▶ [Problem description]: Pictures in the material below are to be left out, and only the lines from the line with "Yottamaster 2.5 3.5" up to and including the line with "led明装金属踢脚线灯铝合金8cm入墙护墙板发光地角线带led灯带线型灯" are to be written out exactly.

▶ [Given records]:

▼

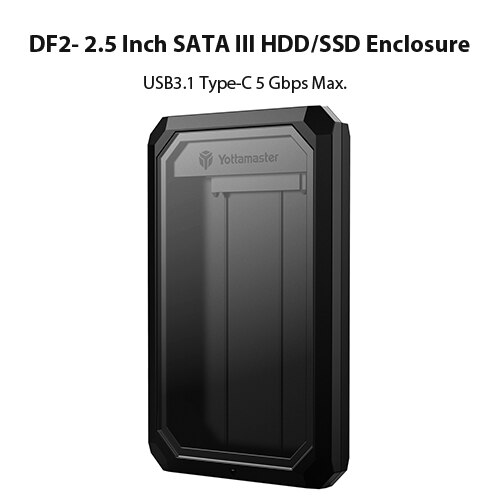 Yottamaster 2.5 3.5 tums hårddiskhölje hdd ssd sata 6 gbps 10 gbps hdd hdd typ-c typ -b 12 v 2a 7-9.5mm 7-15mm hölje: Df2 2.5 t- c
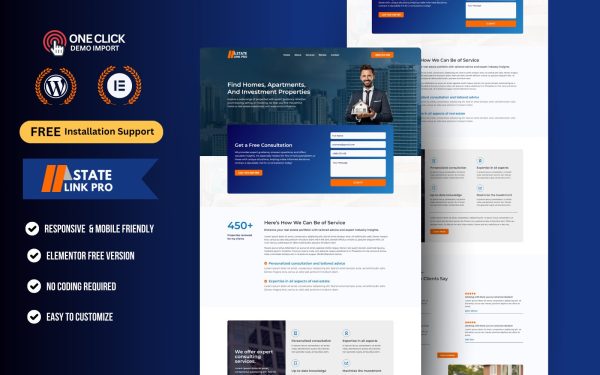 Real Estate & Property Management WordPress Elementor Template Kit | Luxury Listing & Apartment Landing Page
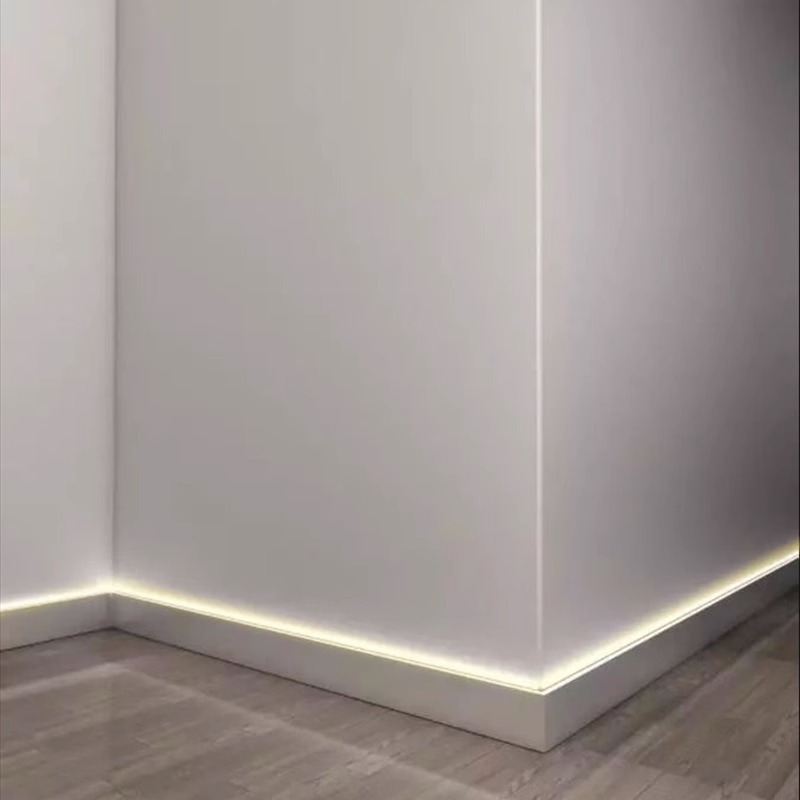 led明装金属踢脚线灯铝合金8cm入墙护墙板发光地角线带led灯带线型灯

▲
▼

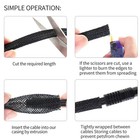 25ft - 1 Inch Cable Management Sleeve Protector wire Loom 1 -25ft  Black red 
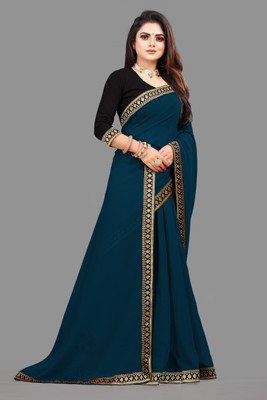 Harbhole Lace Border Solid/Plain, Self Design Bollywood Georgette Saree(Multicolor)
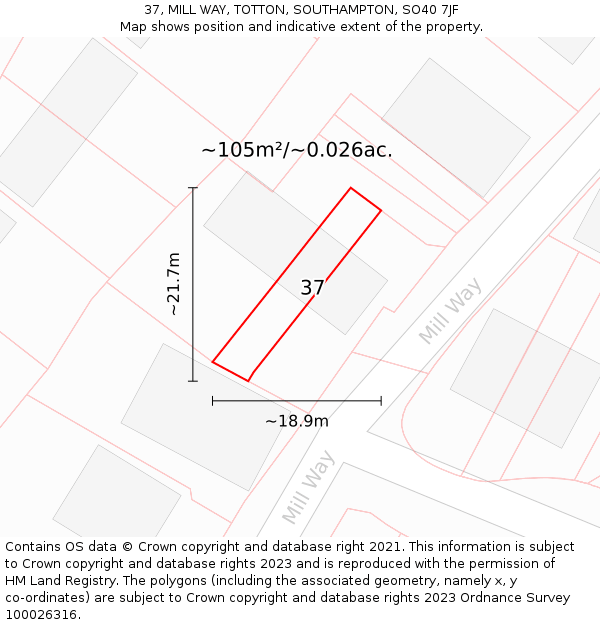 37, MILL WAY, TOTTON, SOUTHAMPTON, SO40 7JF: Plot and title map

▲

▶ [Task solution]:
 Yottamaster 2.5 3.5 tums hårddiskhölje hdd ssd sata 6 gbps 10 gbps hdd hdd typ-c typ -b 12 v 2a 7-9.5mm 7-15mm hölje: Df2 2.5 t- c
 Real Estate & Property Management WordPress Elementor Template Kit | Luxury Listing & Apartment Landing Page
 led明装金属踢脚线灯铝合金8cm入墙护墙板发光地角线带led灯带线型灯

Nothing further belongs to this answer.